Using rsync to back up your Linux system

Find out how to use rsync in a backup scenario.
629 readers like this.
Hard drives

WIlliam Warby. Modified by Jason Baker. Creative Commons BY-SA 2.0.

Backups are an incredibly important aspect of a system administrator’s job. Without good backups and a well-planned backup policy and process, it is a near certainty that sooner or later some critical data will be irretrievably lost.

All companies, regardless of how large or small, run on their data. Consider the financial and business cost of losing all of the data you need to run your business. There is not a business today ranging from the smallest sole proprietorship to the largest global corporation that could survive the loss of all or even a large fraction of its data. Your place of business can be rebuilt using insurance, but your data can never be rebuilt.

By loss, here, I don't mean stolen data; that is an entirely different type of disaster. What I mean here is the complete destruction of the data.

Even if you are an individual and not running a large corporation, backing up your data is very important. I have two decades of personal financial data as well as that for my now closed businesses, including a large number of electronic receipts. I also have many documents, presentations, and spreadsheets of various types that I have created over the years. I really don't want to lose all of that.

So backups are imperative to ensure the long-term safety of my data.

Backup options

There are many options for performing backups. Most Linux distributions are provided with one or more open source programs specially designed to perform backups. There are many commercial options available as well. But none of those directly met my needs so I decided to use basic Linux tools to do the job.

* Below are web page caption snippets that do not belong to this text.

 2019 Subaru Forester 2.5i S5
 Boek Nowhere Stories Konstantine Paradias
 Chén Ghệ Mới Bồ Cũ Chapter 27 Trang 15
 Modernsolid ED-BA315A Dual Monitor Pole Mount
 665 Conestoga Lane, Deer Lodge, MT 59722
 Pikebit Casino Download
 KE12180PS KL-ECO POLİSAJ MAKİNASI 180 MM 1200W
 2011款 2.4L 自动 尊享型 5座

In my article for the Open Source Yearbook last year, Best Couple of 2015: tar and ssh, I showed that fancy and expensive backup programs are not really necessary to design and implement a viable backup program.

Since last year, I have been experimenting with another backup option, the rsync command which has some very interesting features that I have been able to use to good advantage. My primary objectives were to create backups from which users could locate and restore files without having to untar a backup tarball, and to reduce the amount of time taken to create the backups.

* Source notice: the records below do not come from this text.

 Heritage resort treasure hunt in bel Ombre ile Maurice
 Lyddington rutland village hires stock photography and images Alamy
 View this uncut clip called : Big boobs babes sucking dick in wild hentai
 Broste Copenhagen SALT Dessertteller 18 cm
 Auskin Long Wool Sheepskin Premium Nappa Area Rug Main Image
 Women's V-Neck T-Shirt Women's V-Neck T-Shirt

This article is intended only to describe my own use of rsync in a backup scenario. It is not a look at all of the capabilities of rsync or the many ways in which it can be used.

The rsync command

The rsync command was written by Andrew Tridgell and Paul Mackerras and first released in 1996. The primary intention for rsync is to remotely synchronize the files on one computer with those on another. Did you notice what they did to create the name there? rsync is open source software and is provided with almost all major distributions.

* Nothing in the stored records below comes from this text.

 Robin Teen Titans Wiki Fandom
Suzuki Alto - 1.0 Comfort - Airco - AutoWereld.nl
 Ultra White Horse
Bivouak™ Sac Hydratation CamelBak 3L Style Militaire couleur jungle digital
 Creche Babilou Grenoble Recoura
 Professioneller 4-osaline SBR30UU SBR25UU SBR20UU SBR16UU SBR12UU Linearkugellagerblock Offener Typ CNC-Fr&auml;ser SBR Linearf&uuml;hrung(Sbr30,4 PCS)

The rsync command can be used to synchronize two directories or directory trees whether they are on the same computer or on different computers but it can do so much more than that. rsync creates or updates the target directory to be identical to the source directory. The target directory is freely accessible by all the usual Linux tools because it is not stored in a tarball or zip file or any other archival file type; it is just a regular directory with regular files that can be navigated by regular users using basic Linux tools. This meets one of my primary objectives.

One of the most important features of rsync is the method it uses to synchronize preexisting files that have changed in the source directory. Rather than copying the entire file from the source, it uses checksums to compare blocks of the source and target files. If all of the blocks in the two files are the same, no data is transferred. If the data differs, only the block that has changed on the source is transferred to the target. This saves an immense amount of time and network bandwidth for remote sync. For example, when I first used my rsync Bash script to back up all of my hosts to a large external USB hard drive, it took about three hours. That is because all of the data had to be transferred. Subsequent syncs took 3-8 minutes of real time, depending upon how many files had been changed or created since the previous sync. I used the time command to determine this so it is empirical data. Last night, for example, it took just over three minutes to complete a sync of approximately 750GB of data from six remote systems and the local workstation. Of course, only a few hundred megabytes of data were actually altered during the day and needed to be synchronized.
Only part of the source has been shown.